My first semester after transferring to Northern Arizona University I had a gap in my schedule and needed to fulfill a few more credits. After comparing the classes available with my daily routine I saw that there was a yoga class offered by the school that fit nicely in between my other classes. Y
ou know me—yoga? No thanks.
But I needed the credits and thought, hey while I’m turning one new leaf, why not another, and enrolled. That first class changed my life.
For the first time, ever, I actually stopped the chaos in my head—the regrets, the fears—and just sat in the present moment.
My mind was completely clear and it was pure bliss.
I left class that day feeling like a new person. The next class, I felt it in my body.
I mean I felt every single cell in my body come alive and move with me as I changed poses. Suddenly I had so much appreciation for my limbs and how they folded and stretched, how strong and supportive they were. I felt like one whole being.
With every class I gained more and more gratitude for my body and its capabilities.
I realized that there was a depth to me that I had never channeled: my soul.
And I was surrounded by a community of people who felt the exact same phenomenon. I was alive for the first time, and I was happy.
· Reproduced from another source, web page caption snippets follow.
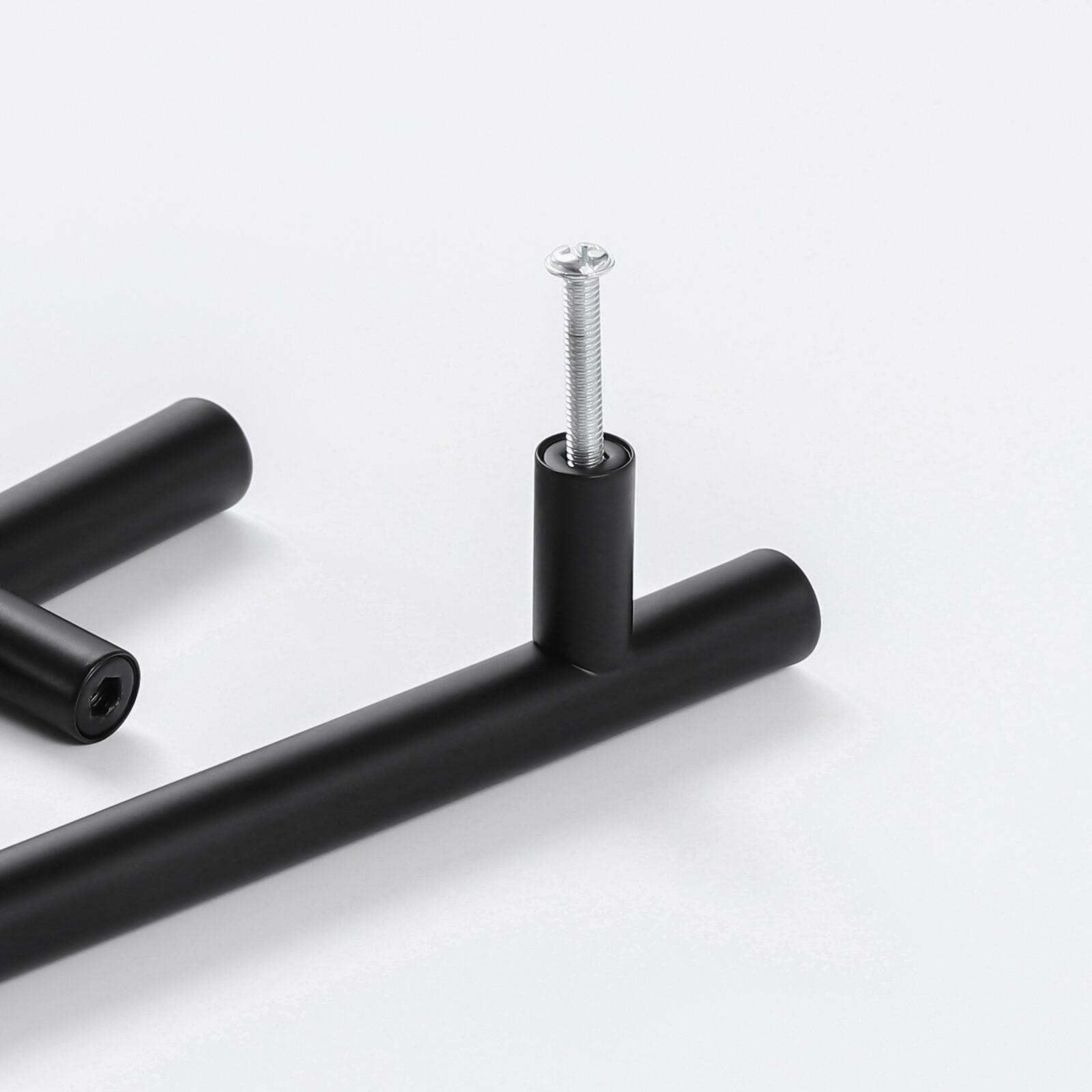 2" - 16" Matte Black Kitchen Cabinet Pulls Stainless Steel Drawer T Bar Handles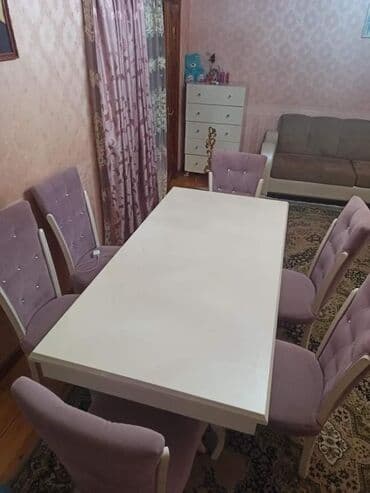 Qonaq otağı üçün, Açılmayan, Dördbucaq masa, 6 stul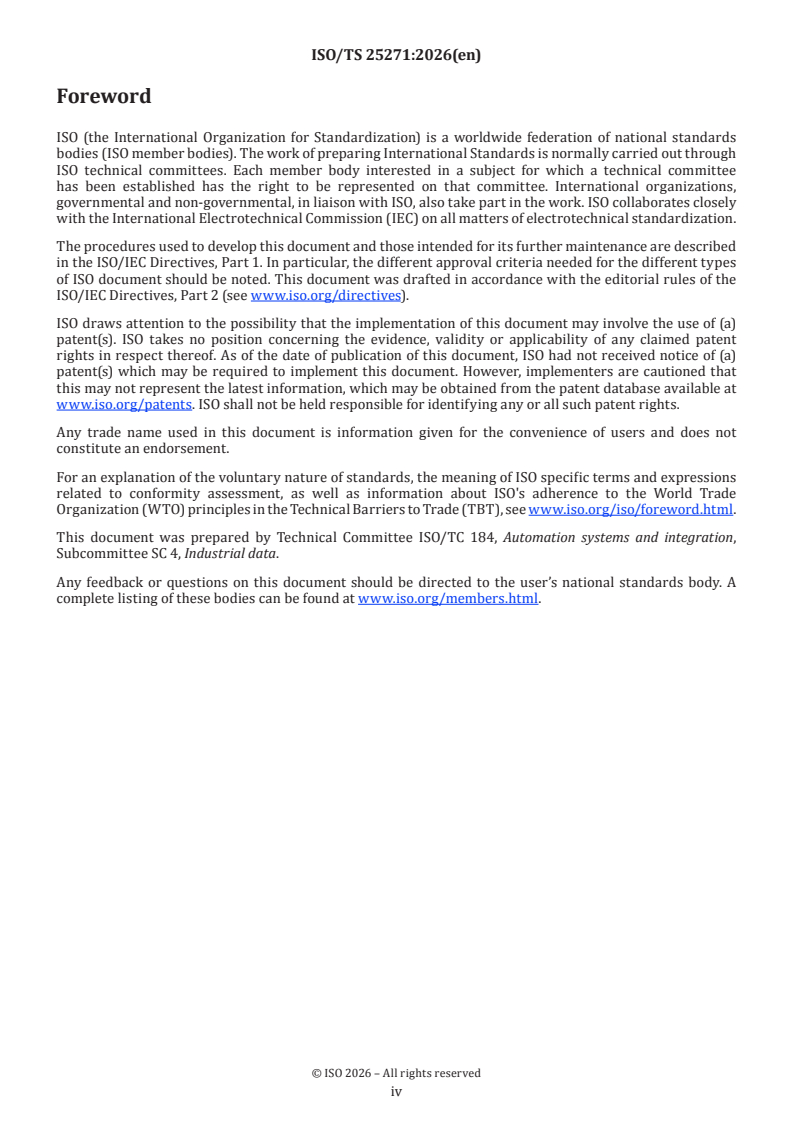 ISO/TS 25271:2026 ISO/TS 25271:2026 - Automation systems and integration — Industrial digital twin interface architecture - Page 4 preview
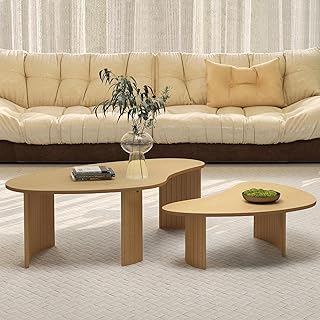 Nesting Coffee Tables Set of 2, Cloud Coffee Tables with Fluted Legs, Ash Veener End Table for Living Room, Natural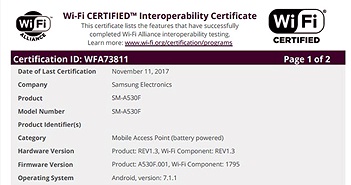Samsung Galaxy A5 (2018) và A7 (2018) đạt chứng nhận Wi-Fi Samsung Galaxy A5 (2018) và A7 (2018) đạt chứng nhận Wi-Fi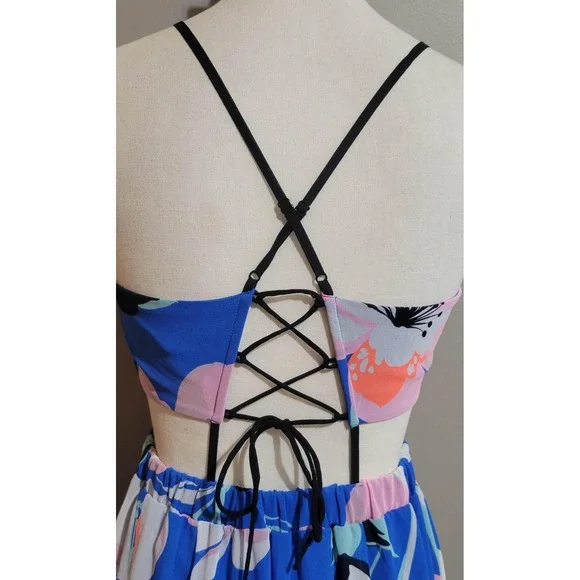 Express Floral Strappy Open Back Maxi Dress - Picture 6 of 7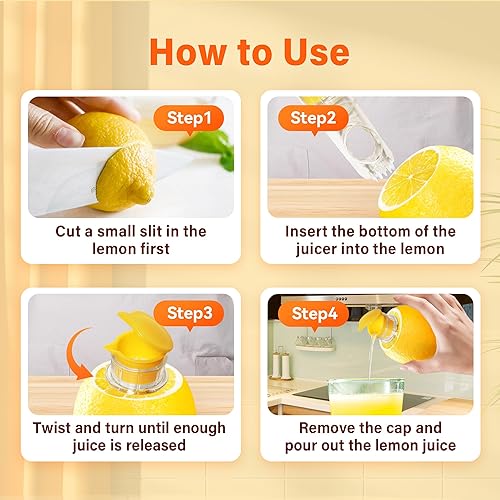 Miniatura 4 de Mini exprimidor de limón, exprimidor manual del jugo de cítricos de la cal para la fruta, prensa plástica del PDA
With modeling, there was no feeling of belonging. It was all about sizing up and competing, about personal triumphs—and temporary ones at that. I was taught that physical features were everything—my outer beauty was my key to success. Even if I was dying on the inside, it didn’t matter as long as the look was right.
With yoga, I realized that true beauty is the ability to have compassion and gratitude.
To attain happiness, or at least acceptance and peace. Suddenly, my inner beauty started to radiate through my pores and my outer beauty was a reflection of it.
I used to laugh at the “om”—now, I swear, I live by it.
I practice every day and now teach once a week. My gratitude for yoga, and more importantly toward myself and my body, has never been stronger.
I’ve modeled once since leaving the industry but it wasn’t for an agency or a campaign. It was for me. I wanted to document myself in my natural state, because that was me at my happiest and I wanted to remember that transformation forever.
So my take away message for you—whether you want to give yoga another shot or not—is to look within yourself to find your beauty, not in the mirror.
How do you treat others?
How do you care for yourself?
Do you know what it means to empathize, to love, and to be grateful?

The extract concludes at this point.